Task to complete
From the first line to the last, give the records again exactly and skip the pictures.

Given data

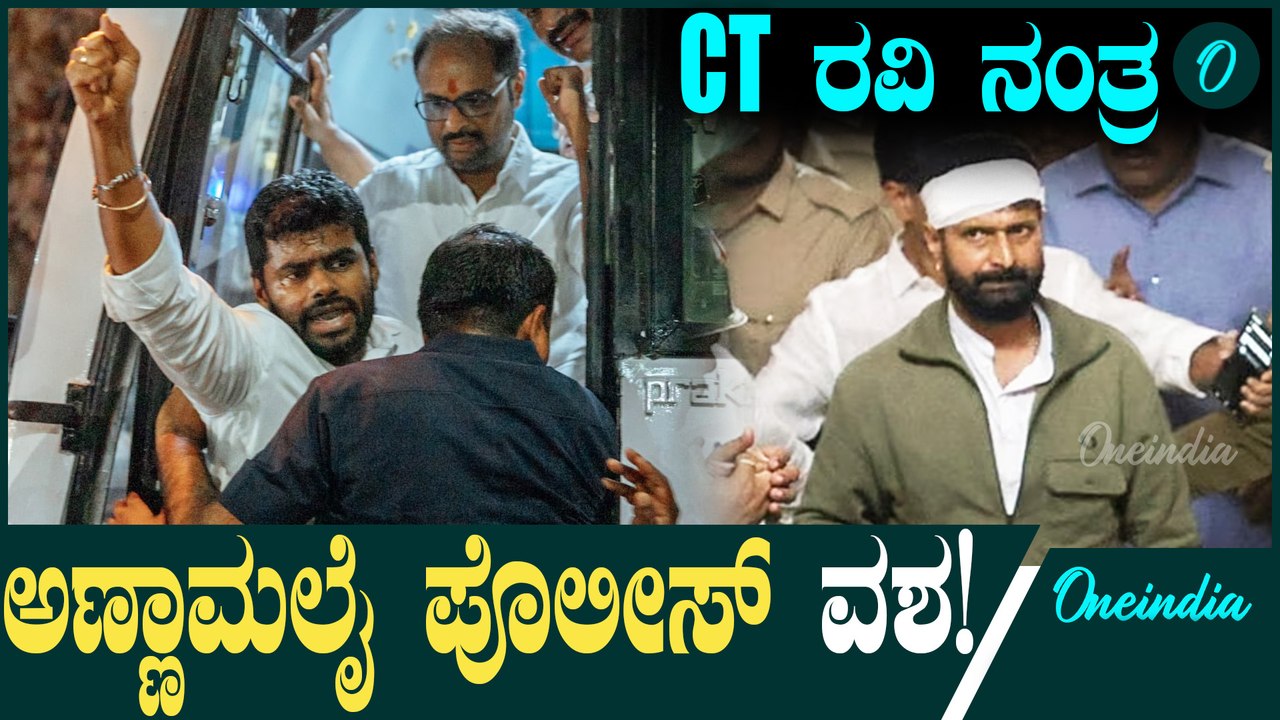 Annamalai ತಮಿಳುನಾಡು ಬಿಜೆಪಿ ಅಧ್ಯಕ್ಷ ಅಣ್ಣಾಮಲೈ ಮತ್ತು ಇತರ ಹಲವು ಮುಖಂಡರನ್ನು ಪೊಲೀಸರು ಬಂಧಿಸಿದ್ದಾರೆ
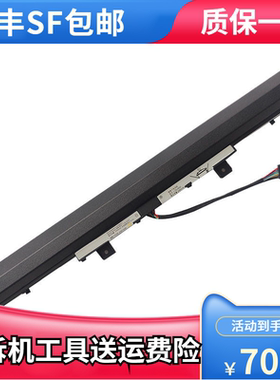 适用联想V110 V310-14 15ISK/IKB E52 E42-80笔记本电池L15L4A02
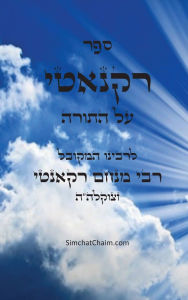 Title: ספר רקנאטי - על התורה: Kabbalah Book - Recanati on the Torah, Author: המקובל מנחם רקאנטי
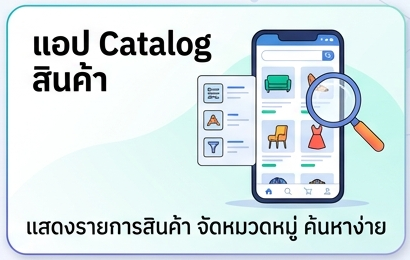 แอป Catalog สินค้า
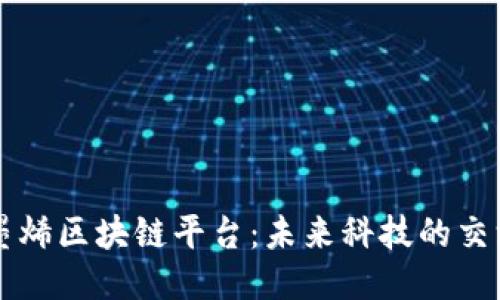石墨烯区块链平台：未来科技的交汇点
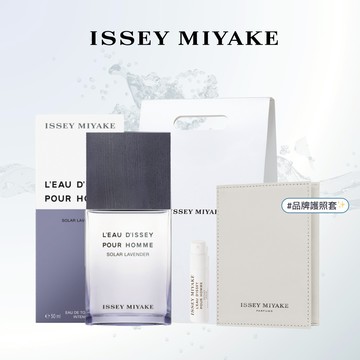 官方直營【三宅一生】一生之水薰衣草男性淡香水禮物組🎁草本花香調50ml 送給男友/老公禮物推薦❤️男神雙子座生日快樂_ISSEY MIYAKE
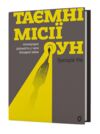 Таємні місії ОУН Міжнародна діяльність у часи Холодної війни Ціна (цена) 295.75грн. | придбати купити (купить) Таємні місії ОУН Міжнародна діяльність у часи Холодної війни доставка по Украине, купить книгу, детские игрушки, компакт диски 0 Таємні місії ОУН Міжнародна діяльність у часи Холодної війни Ціна (цена) 295.75грн. | придбати купити (купить) Таємні місії ОУН Міжнародна діяльність у часи Холодної війни доставка по Украине, купить книгу, детские игрушки, компакт диски 0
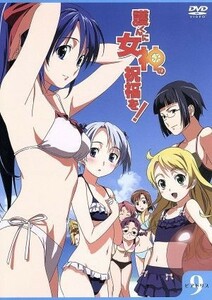 護くんに女神の祝福を！　ビアトリス・９（メガデレ・エモ～ション限定版）／岩田洋季（原作）,高品有桂（キャラクターデザイン）,木村亜希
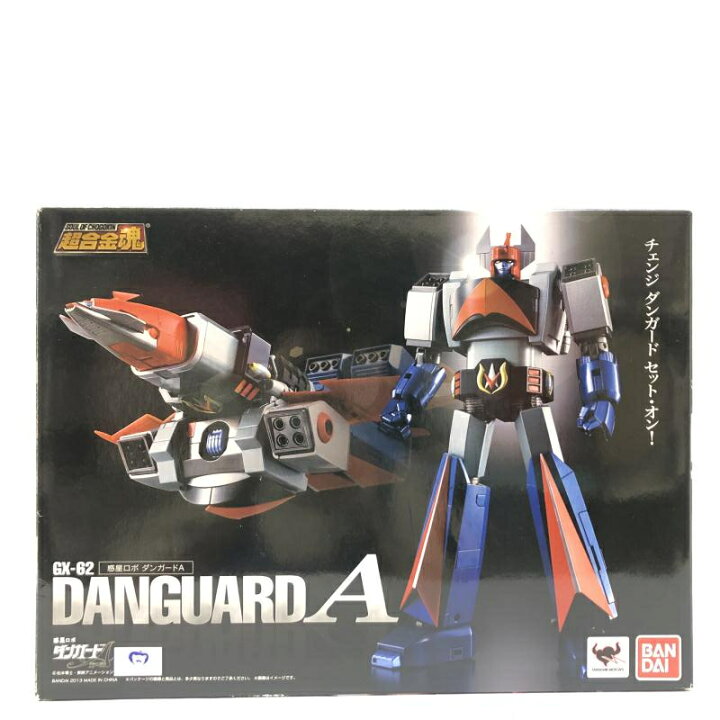 楽天市場】【中古】開封・箱傷み有) 超合金魂 GX-62 惑星ロボ 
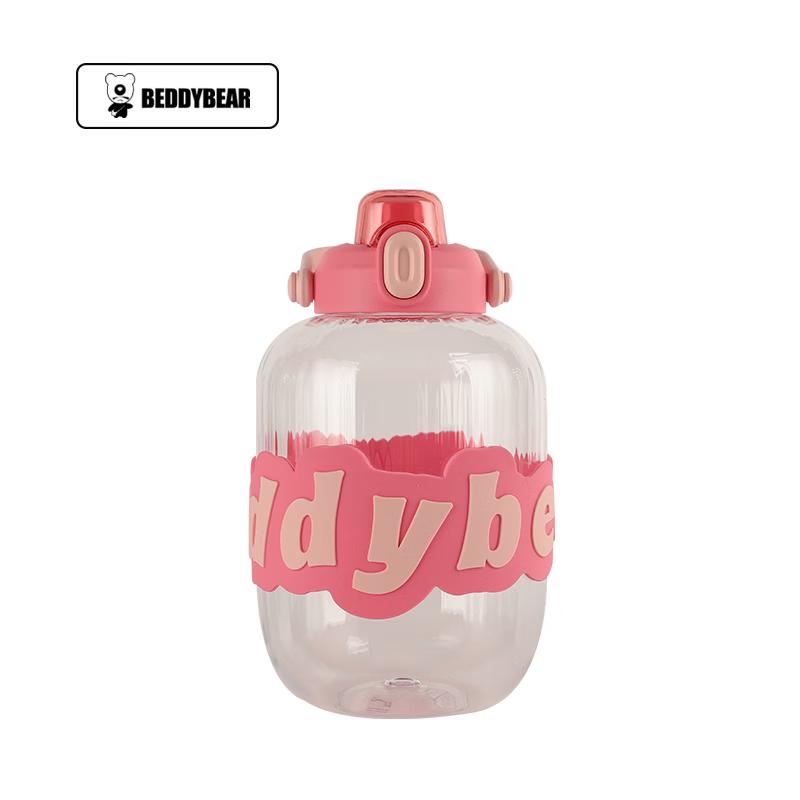 Begoo Bear PC Portable Sports Water Bottle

Answer to the problem
 Annamalai ತಮಿಳುನಾಡು ಬಿಜೆಪಿ ಅಧ್ಯಕ್ಷ ಅಣ್ಣಾಮಲೈ ಮತ್ತು ಇತರ ಹಲವು ಮುಖಂಡರನ್ನು ಪೊಲೀಸರು ಬಂಧಿಸಿದ್ದಾರೆ
 适用联想V110 V310-14 15ISK/IKB E52 E42-80笔记本电池L15L4A02
 Title: ספר רקנאטי - על התורה: Kabbalah Book - Recanati on the Torah, Author: המקובל מנחם רקאנטי
 แอป Catalog สินค้า
石墨烯区块链平台：未来科技的交汇点
 官方直營【三宅一生】一生之水薰衣草男性淡香水禮物組🎁草本花香調50ml 送給男友/老公禮物推薦❤️男神雙子座生日快樂_ISSEY MIYAKE
 Таємні місії ОУН Міжнародна діяльність у часи Холодної війни Ціна (цена) 295.75грн. | придбати купити (купить) Таємні місії ОУН Міжнародна діяльність у часи Холодної війни доставка по Украине, купить книгу, детские игрушки, компакт диски 0 Таємні місії ОУН Міжнародна діяльність у часи Холодної війни Ціна (цена) 295.75грн. | придбати купити (купить) Таємні місії ОУН Міжнародна діяльність у часи Холодної війни доставка по Украине, купить книгу, детские игрушки, компакт диски 0
 護くんに女神の祝福を！　ビアトリス・９（メガデレ・エモ～ション限定版）／岩田洋季（原作）,高品有桂（キャラクターデザイン）,木村亜希
 楽天市場】【中古】開封・箱傷み有) 超合金魂 GX-62 惑星ロボ 
 Begoo Bear PC Portable Sports Water Bottle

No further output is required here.